Suncoast Cabs director Clark Chappel and driver Barry Stumbles. Photo: John McCutcheon / Sunshine Coast Daily
Suncoast Cabs director Clark Chappel and driver Barry Stumbles. Photo: John McCutcheon / Sunshine Coast Daily

He said the company was putting two more cabs back on the road now, having taken six off during the peak of the pandemic.

"The drivers left in hordes," Mr Chappel said, adding many had opted to rely solely on the government benefits for income.

"They're slowly drifting back."

Transport and Main Roads Minister Mark Bailey said the package was designed to assist booking entities as well as drivers.

"This package is especially important for Queenslanders in our community who have a disability, with the package to include an additional payment for operators whose taxis are wheelchair accessible," he said.

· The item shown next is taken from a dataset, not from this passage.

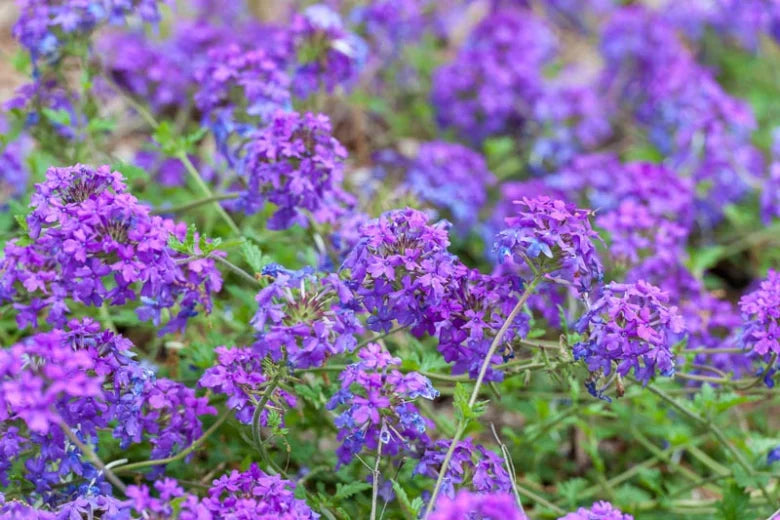 Live Homestead Purple Verbena Plant 1 Pint Pot - Verbena canadensis - Perennial Groundcover with Purple Flowers - Drought-Tolerant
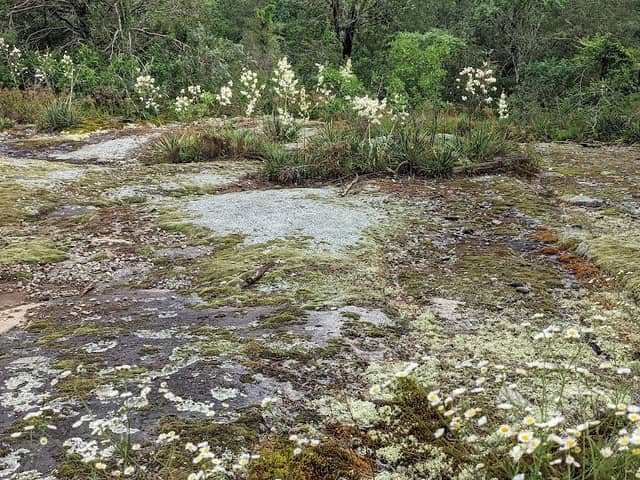 Panola Mountain - Image 3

Mr Chappel said this week's announcement that Alliance Airlines would begin three return flights a week from the Sunshine Coast to Cairns from July 17 was a "fantastic" boost for the business.

"Suncoast Cabs is absolutely delighted to see planes flying again and in particular a northern service," he said.

"We always thought it was a lay down misere."

He said they'd been "knocked around significantly" over the last 3-4 years, and the loss of pubs and clubs as well as flights, and a large downturn in elderly customers meant it would be a gradual return.

"I think people want to move, they want to do something and want to get out," Mr Chappel said.